This repository corresponds to the code of a project related to a practical at the RWTH University, Aachen Germany.
The result, a citation network focused on arXiv, is available as a release. Additionally, the report about this project
is provided as part of the repository (PDF).
The work is build upon previous work by Clement et al. (see: https://github.com/mattbierbaum/arxiv-public-datasets). It is not a fully fetched library or a tool but rather potentially reusable code to achieve our or similar goals.
In particular, this work contains a new script to download all PDFs from arXiv's public Google Cloud Storage
bucket (https://console.cloud.google.com/storage/browser/arxiv-dataset), convert them to text files and extract an
internal regex-based arXiv citation network by reusing work from Clement et al. Furthermore, a parser called Science
Parse was used to extract new citations. Additionally, a newly created Microsoft Academic Graph Extractor (MAGE), which
extracts citations of arXiv papers from the Microsoft Academic Graph (
MAG) (https://www.microsoft.com/en-us/research/project/microsoft-academic-graph/), were utilized.
More details can be found in the report or corresponding subdirectories.

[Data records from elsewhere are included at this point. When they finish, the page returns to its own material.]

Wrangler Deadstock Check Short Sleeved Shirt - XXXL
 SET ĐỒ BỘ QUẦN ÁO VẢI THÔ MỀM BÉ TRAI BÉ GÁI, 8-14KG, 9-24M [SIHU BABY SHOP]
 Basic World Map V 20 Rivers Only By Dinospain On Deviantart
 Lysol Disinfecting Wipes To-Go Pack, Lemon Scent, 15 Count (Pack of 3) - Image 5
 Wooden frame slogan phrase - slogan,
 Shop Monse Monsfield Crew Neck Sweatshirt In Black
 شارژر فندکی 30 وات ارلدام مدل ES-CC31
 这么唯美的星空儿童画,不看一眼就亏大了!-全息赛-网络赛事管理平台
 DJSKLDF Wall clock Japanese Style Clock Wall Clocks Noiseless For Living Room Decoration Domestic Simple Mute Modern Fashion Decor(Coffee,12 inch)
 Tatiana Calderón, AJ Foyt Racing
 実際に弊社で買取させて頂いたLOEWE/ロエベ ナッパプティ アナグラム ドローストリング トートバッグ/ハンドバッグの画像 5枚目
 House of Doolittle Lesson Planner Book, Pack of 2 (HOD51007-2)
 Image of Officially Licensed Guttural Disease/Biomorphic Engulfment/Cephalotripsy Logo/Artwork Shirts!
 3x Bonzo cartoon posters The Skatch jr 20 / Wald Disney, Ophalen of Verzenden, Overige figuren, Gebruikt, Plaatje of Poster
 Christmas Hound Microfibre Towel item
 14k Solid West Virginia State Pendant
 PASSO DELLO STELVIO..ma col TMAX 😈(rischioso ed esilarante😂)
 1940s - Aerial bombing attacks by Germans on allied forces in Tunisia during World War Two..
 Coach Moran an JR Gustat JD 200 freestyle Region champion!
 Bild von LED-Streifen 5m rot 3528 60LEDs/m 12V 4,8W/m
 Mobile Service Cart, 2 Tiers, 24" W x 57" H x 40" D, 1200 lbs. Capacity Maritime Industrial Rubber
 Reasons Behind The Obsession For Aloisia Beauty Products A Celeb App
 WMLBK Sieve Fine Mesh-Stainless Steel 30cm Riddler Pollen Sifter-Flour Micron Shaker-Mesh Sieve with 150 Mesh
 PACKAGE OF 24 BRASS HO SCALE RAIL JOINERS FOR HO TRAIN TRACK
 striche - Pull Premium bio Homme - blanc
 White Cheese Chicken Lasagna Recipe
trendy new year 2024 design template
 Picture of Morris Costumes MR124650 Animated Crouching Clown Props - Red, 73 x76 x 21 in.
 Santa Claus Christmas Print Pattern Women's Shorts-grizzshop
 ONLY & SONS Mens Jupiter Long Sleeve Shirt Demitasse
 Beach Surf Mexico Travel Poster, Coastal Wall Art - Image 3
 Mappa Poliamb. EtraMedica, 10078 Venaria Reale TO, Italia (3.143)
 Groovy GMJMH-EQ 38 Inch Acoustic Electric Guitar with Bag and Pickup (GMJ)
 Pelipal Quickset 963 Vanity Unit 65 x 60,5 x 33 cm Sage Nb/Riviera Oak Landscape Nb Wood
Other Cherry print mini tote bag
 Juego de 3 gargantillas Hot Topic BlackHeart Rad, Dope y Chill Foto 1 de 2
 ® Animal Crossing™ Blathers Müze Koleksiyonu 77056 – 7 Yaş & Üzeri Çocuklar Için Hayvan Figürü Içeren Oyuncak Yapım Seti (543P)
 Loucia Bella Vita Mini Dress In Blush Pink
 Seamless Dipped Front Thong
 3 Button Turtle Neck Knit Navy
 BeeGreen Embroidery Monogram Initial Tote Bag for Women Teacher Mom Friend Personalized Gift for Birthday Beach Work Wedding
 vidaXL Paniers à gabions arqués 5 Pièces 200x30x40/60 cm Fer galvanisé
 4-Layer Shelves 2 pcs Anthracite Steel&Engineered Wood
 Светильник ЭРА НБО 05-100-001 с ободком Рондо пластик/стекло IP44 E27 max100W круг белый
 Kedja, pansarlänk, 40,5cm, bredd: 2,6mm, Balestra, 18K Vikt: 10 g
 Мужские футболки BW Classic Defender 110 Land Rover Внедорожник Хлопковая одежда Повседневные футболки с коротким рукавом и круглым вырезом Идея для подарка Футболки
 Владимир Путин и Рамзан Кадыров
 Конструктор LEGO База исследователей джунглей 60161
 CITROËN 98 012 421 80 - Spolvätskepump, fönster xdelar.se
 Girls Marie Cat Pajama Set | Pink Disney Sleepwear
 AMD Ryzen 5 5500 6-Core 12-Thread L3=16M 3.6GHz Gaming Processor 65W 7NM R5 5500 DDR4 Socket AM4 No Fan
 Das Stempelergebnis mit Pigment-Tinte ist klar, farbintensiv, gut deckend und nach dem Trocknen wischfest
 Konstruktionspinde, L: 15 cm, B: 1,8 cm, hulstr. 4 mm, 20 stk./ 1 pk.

Citation networks are used to trace citations between publications. They enable analysis of the impact of specific publications or the calculation of bibliographic metrics. Our project focused on extending an internal citation network created by Clement et al., which was built upon the open-access scholarly publication archive arXiv.org. We extend their result in three ways: 1) Adding references from new publications using previous work by Clement et al.; 2) Extracting references of an arXiv publication from the Microsoft Academic Graph; 3) Mining arXiv PDFs for references using Science Parse. The new methods 2. and 3. enabled us to extend the citation network with citations of external—not on arXiv—publications. As a result, we were able to expand the initial internal citation network with 1.79 million nodes and 10 million edges to a citation network with 7.36 million nodes and 48.8 million edges which also captures outgoing citations. In particular, the number of internal edges was also increased from 10 million to 23.9 million.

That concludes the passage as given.